Word for word, give the data again without its pictures.

(Supplied data)

_____

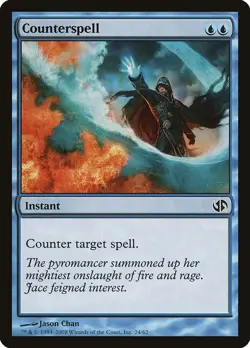 Counterspell Duel Decks: Jace vs. Chandra Magic The Gathering MTG Card - Image 1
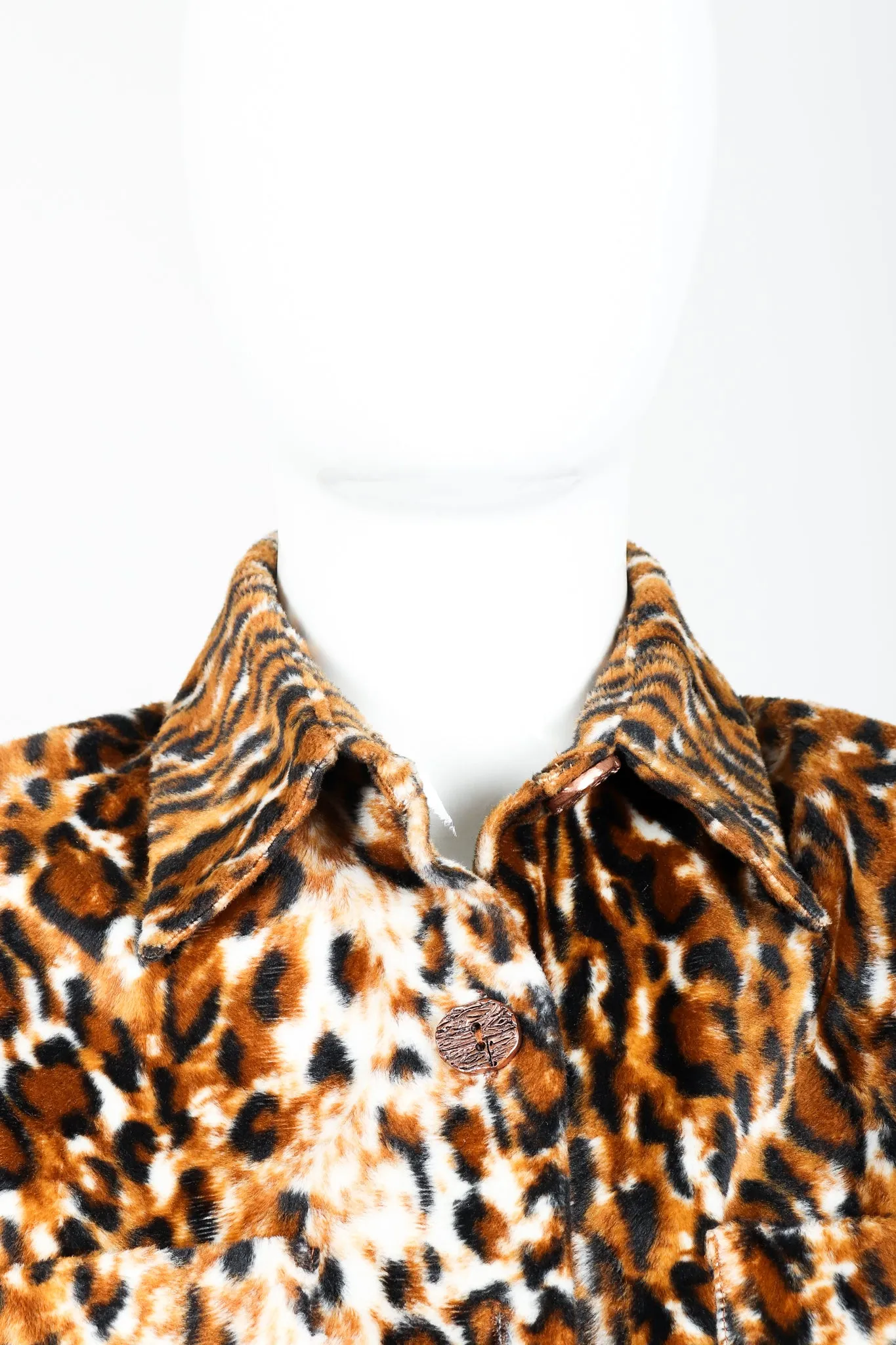 Faux Leopard Fur Jacket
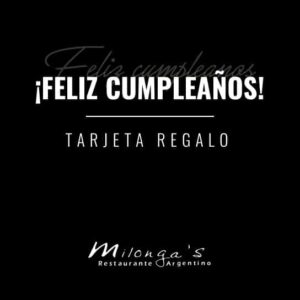 Tarjeta Regalo: Feliz cumpleaños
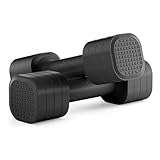 Verstellbare Hanteln für Frauen – 2 Stück, rutschfester Gummigriff | 2 kg, 3 kg, 4 kg, 5 lb, verstellbar, für die körperliche Fitness zu Hause, Bewegung und Training, Hanteln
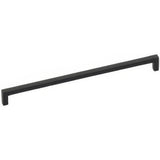 Emtek 86674FB 86674 Rustic Modern Rectangular Cabinet Pull / Appliance Pull with 12" Center to Center Flat Black Bronze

_____

(Written answer)
 Counterspell Duel Decks: Jace vs. Chandra Magic The Gathering MTG Card - Image 1
 Faux Leopard Fur Jacket
 Tarjeta Regalo: Feliz cumpleaños
 Verstellbare Hanteln für Frauen – 2 Stück, rutschfester Gummigriff | 2 kg, 3 kg, 4 kg, 5 lb, verstellbar, für die körperliche Fitness zu Hause, Bewegung und Training, Hanteln
 Emtek 86674FB 86674 Rustic Modern Rectangular Cabinet Pull / Appliance Pull with 12" Center to Center Flat Black Bronze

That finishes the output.